**Task instructions**. Restate all data exactly. No images.

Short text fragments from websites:
--------------------

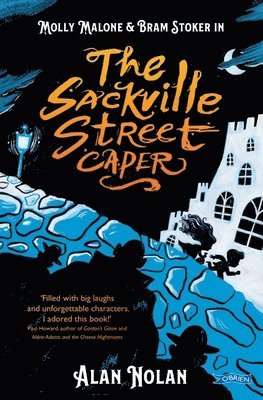 The Sackville Street Caper 1
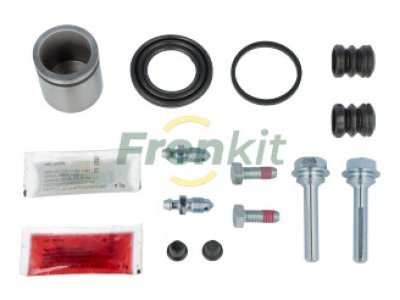 Zestaw naprawczy zacisku hamulca FRENKIT 738122 1359286 SUPER KIT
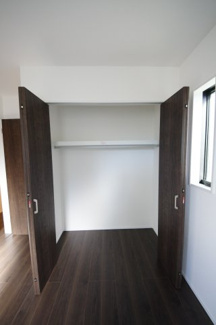 【収納】 | 【仲介手数料無料！！】日野市日野本町4丁目　新築戸建て（全2棟）2号棟　6590万円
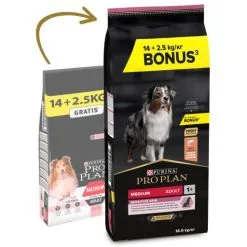 Pro Plan Optiderma Medium Adult Sensitive Skin Riche En Saumon -Nourriture pour chien Soldes pro plan sensitive skin medium racao seca para cao adulto medio com pele sensivel salmao 2 63f51ab85ed6b g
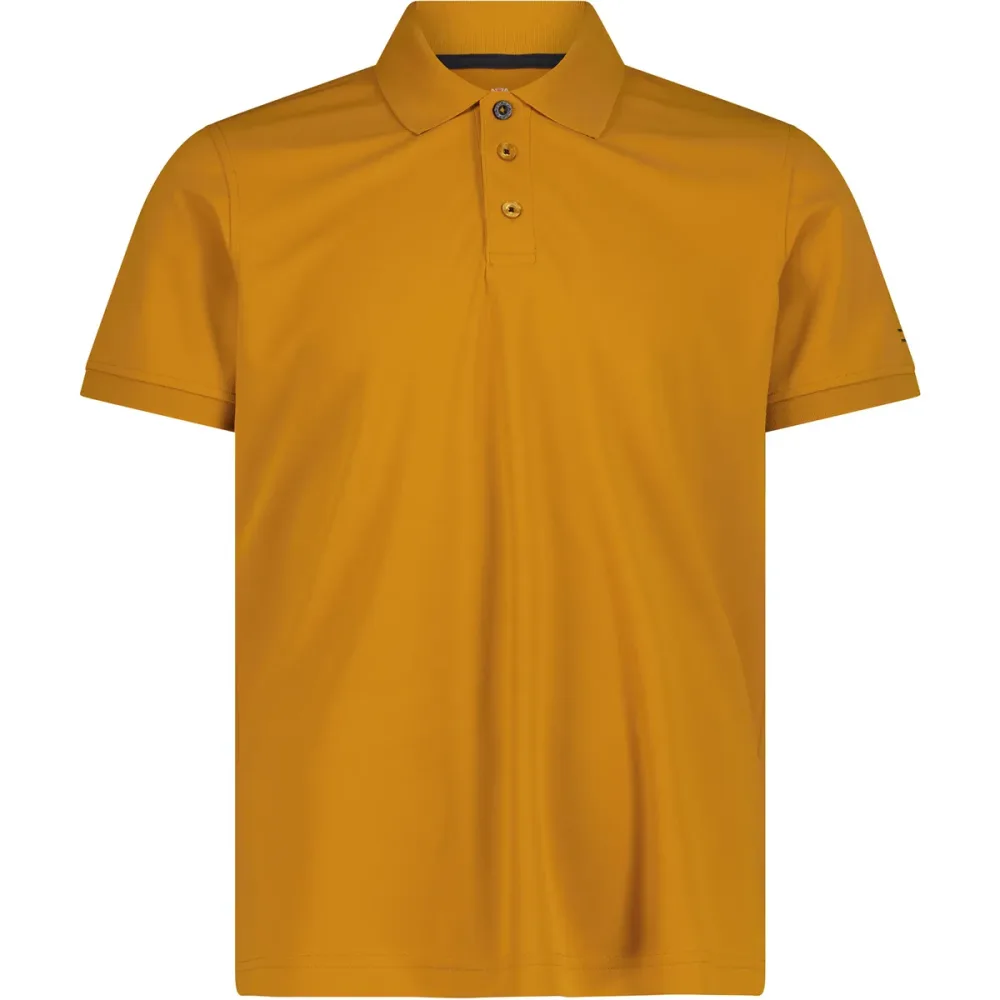 CMP Herren Polo T-Shirt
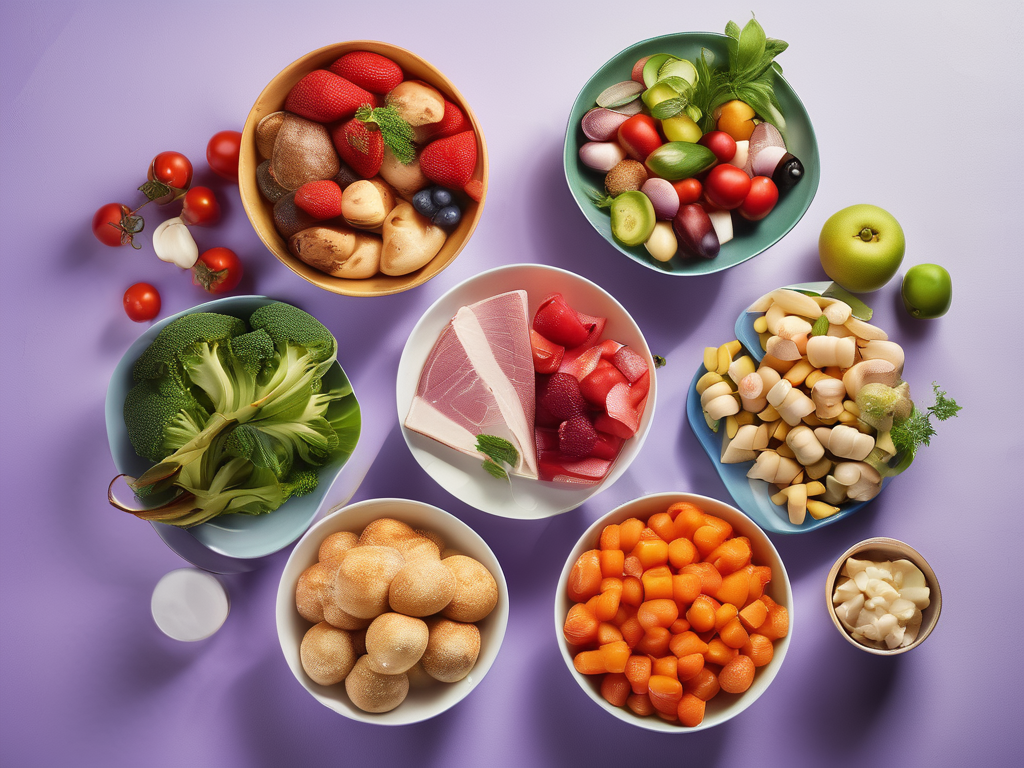 How Long Do Frozen Berries Last in the Freezer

--------------------

**Task answer**.
 The Sackville Street Caper 1
 Zestaw naprawczy zacisku hamulca FRENKIT 738122 1359286 SUPER KIT
 【収納】 | 【仲介手数料無料！！】日野市日野本町4丁目　新築戸建て（全2棟）2号棟　6590万円
 Pro Plan Optiderma Medium Adult Sensitive Skin Riche En Saumon -Nourriture pour chien Soldes pro plan sensitive skin medium racao seca para cao adulto medio com pele sensivel salmao 2 63f51ab85ed6b g
 CMP Herren Polo T-Shirt
 How Long Do Frozen Berries Last in the Freezer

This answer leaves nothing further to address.